Clinician and Department Experience:
Clinicians across multiple programs have also found that virtual visits allow them to stay focused on delivering patient -centered care.
Specialists providing follow-up care for patients discharged to Boston’s Spaulding Rehabilitation Hospital typically take the shuttle between MGH in Boston and Spaulding. By enabling MGH specialists to conduct virtual visits with patients at Spaulding, patients receive more timely clinical care, and specialists have additional time to see patients in clinic, instead of sitting on a shuttle.
One high-volume medical practice reported that patients receiving care through virtual visits were more likely to show up for their scheduled appointments, reducing the overall no-show rate for the department. The practice manager explains, “Like anything, it takes time to learn a new way of doing things, but we’re excited to see how virtual visits become incorporated into standard medical care as clinicians and patients become increasingly comfortable with the technology and processes”.
FUTURE TELEHEALTH DIRECTION
The MGH TeleHealth team is developing plans to expand the program in 2015. “In the coming year, our goal for video-enabled virtual visits is to more fully integrate them into the standard practice of care by deepening adoption in existing departments and expanding to new departments. In the future, there are a number of exciting possibilities,” says Sossong.
Multiple Modalities: “While there is tremendous value in interventions using a single technology, such as video-enabled virtual visits, I’m eager to explore how we can design a seamless, convenient, patient-friendly experience by putting all the pieces together.
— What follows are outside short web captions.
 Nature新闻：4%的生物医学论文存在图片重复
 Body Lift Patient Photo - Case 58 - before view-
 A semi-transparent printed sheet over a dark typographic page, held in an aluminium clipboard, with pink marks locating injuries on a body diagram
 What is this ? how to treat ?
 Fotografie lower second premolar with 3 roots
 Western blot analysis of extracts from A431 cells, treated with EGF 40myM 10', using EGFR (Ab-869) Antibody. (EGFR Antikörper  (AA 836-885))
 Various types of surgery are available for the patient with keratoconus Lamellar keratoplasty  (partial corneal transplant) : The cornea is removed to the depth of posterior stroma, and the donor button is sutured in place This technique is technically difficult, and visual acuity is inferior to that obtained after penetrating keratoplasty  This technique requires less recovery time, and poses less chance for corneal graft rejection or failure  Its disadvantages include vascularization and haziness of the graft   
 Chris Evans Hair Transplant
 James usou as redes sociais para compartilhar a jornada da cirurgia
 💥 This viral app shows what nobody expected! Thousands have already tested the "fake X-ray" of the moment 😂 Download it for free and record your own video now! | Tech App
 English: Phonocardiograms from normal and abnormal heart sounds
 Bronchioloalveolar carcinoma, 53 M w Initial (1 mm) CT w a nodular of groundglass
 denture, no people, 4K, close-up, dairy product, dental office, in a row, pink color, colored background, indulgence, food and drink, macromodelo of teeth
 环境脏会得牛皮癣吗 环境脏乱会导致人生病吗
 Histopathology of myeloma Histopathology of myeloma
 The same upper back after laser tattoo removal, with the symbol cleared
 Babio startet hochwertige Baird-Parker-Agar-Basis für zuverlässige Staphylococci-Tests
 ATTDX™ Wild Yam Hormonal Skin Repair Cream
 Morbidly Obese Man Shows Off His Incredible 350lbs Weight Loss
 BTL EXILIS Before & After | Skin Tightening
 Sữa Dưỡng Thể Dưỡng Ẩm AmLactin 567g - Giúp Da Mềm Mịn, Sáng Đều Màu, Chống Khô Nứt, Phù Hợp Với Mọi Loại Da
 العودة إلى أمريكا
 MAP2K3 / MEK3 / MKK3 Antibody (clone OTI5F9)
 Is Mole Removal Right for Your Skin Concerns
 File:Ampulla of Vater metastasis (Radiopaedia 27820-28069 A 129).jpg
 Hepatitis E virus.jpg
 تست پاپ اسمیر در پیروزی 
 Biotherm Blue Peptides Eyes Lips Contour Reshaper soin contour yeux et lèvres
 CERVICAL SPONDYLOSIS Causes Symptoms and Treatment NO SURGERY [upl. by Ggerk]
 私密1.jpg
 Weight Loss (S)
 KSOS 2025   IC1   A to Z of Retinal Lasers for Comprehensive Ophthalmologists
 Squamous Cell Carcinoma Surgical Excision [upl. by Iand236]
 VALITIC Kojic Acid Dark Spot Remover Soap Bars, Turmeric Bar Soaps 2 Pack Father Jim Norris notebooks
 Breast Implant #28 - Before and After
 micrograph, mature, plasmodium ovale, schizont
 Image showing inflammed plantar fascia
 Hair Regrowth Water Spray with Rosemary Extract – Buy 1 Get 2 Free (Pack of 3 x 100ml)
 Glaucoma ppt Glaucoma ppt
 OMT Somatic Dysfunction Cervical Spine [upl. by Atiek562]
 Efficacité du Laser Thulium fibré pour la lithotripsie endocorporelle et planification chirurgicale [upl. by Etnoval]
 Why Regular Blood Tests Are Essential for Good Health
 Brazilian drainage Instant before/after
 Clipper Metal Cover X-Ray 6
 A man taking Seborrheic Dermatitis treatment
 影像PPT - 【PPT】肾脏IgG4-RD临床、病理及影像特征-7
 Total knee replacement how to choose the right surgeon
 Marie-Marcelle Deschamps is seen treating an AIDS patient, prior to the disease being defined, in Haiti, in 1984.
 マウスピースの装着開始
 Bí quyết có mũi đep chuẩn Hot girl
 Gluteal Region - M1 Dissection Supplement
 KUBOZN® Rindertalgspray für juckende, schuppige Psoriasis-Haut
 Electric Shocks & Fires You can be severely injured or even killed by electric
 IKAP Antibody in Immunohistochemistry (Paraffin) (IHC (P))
For example, a patient being treated by a psychiatrist for depression could have a treatment plan which includes using an app for tracking mood changes throughout the day, receiving text reminders about medication or an upcoming appointment, exchanging emails with the clinician about symptoms in between visits and conducting a video-enabled virtual visit for therapy, or checking in on medication symptoms. When it’s necessary to be ‘touched’ by the healthcare team, the patient can come into the office for an in-person office visit.”
Patient Education: “While our current work is focused on everything that goes into making the video-enabled virtual visit happen, there’s interest in exploring related educational tools for patients as well. For example, a recording of the virtual visit, or even the in-person visit, could be helpful as an educational tool for patients and families to review once settled back home. I can envision a future where we’ll discharge surgery patients with online portal access to a recording of their own clinician’s instructions for post-operative care, which could be one of a suite of tailored educational tools including condition specific videos or articles, or even seasonal tools for things like cold/flu season.”
The MGH TeleHealth team is determined to identify where telehealth can work to bring care access, convenience, and education to patients. “People bank online, shop online and Skype with family and friends online. Patients will start to expect to receive healthcare this way too,” Sossong concludes.